It turns out, at nanoscale levels, water changes its properties.
Since a while now, scientists have known that under certain conditions, a limited quantity of water can be coaxed into changing its freezing or boiling point. It will take more heat to convert a liquid under pressure into steam while it will take less energy to boil a pot of water on the top of Mount Everest.
Scientists have now taken this concept a step further and have observed that water stored in nanotubes can actually freeze into a solid at temperatures well beyond its natural boiling point.
“If you confine a fluid to a nanocavity, you can actually distort its phase behavior,” explained MIT’s Michael Strano.

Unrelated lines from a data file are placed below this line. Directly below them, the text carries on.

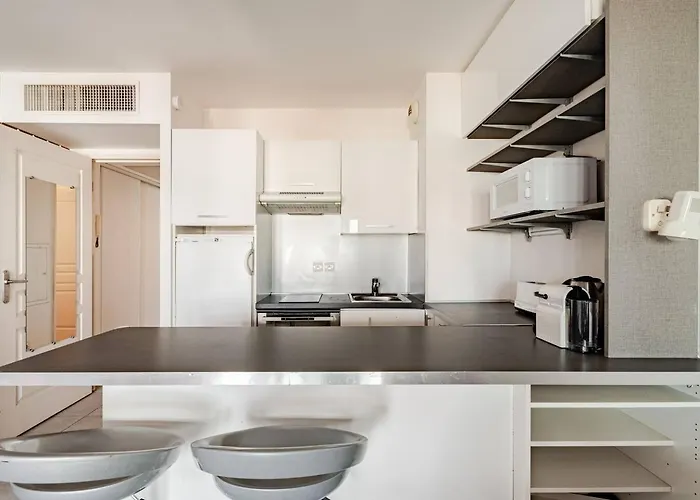Juan-les-pins Moderne Studio, Sea View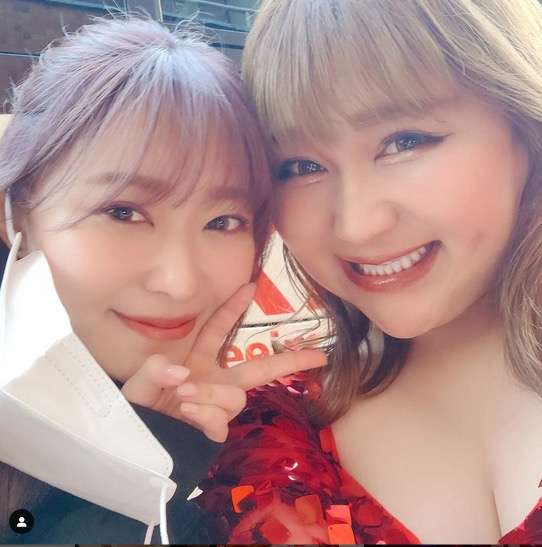 りんごちゃん、指原莉乃との2ショットを公開「乳でかっ！」「2人とも可愛い」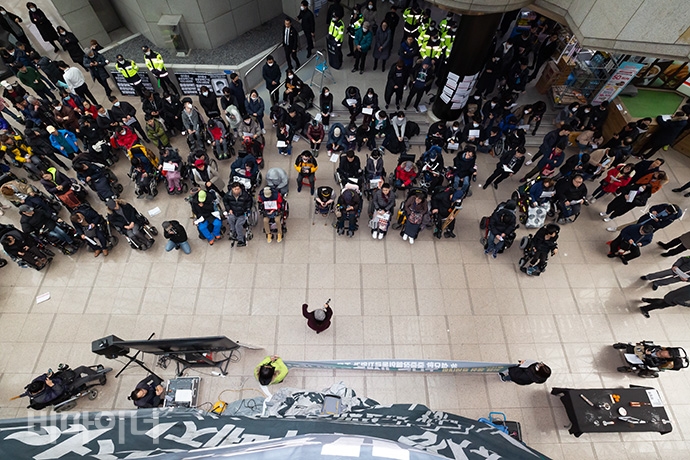 13일, 서울지방고용노동청에서 결의대회를 하는 전국장애인차별철폐연대 소속 활동가들. 사진 박승원 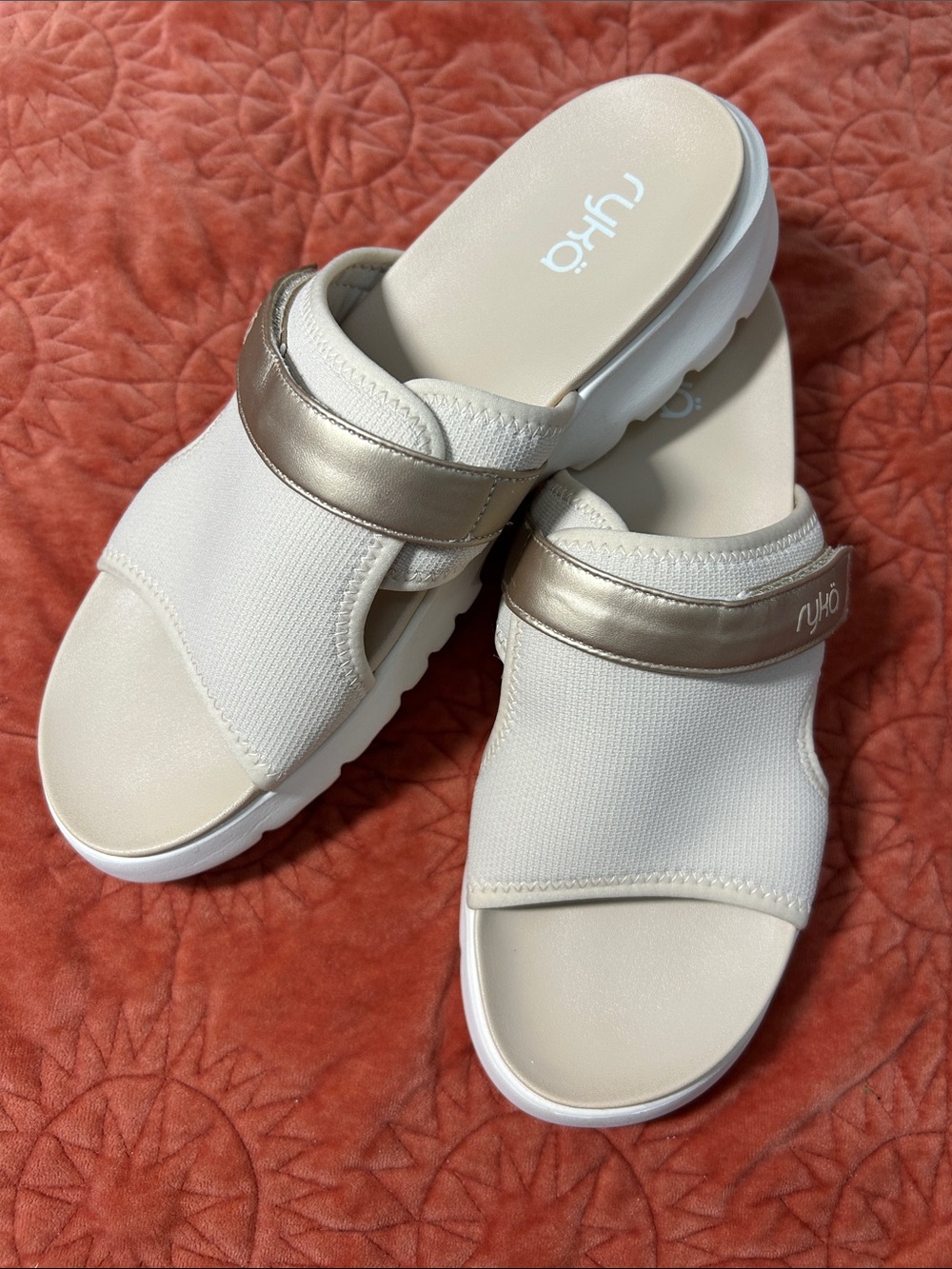 Ryka White Slides with Gold Metallic Strap New with Box Sz. 11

The group’s research in a nanotube test environment saw water solidifying at temperatures above 105 °C (222 °F), in contrast to expectations of laymen.
Scientists had however expected the liquid’s boiling and freezing temperatures to shift slightly.
“The effect is much greater than anyone had anticipated.” Said Stano. “All bets are off when you get really small.”
The group of researchers observed this phenomenon using a technique known as vibrational spectroscopy. Through this, they got scientific confirmation that water confined in nanotubes can shift to a “stiff phase”. However, they are still hesitant to say whether this stiff phase is equivalent to frozen water.
“It’s not necessarily ice,” explained Strano, “but it’s an ice-like phase.”
Regardless of what terminology you use, this phenomenon can now be exploited to create highly conductive “stable water wires.” The future is full of possibilities. Exciting times ahead.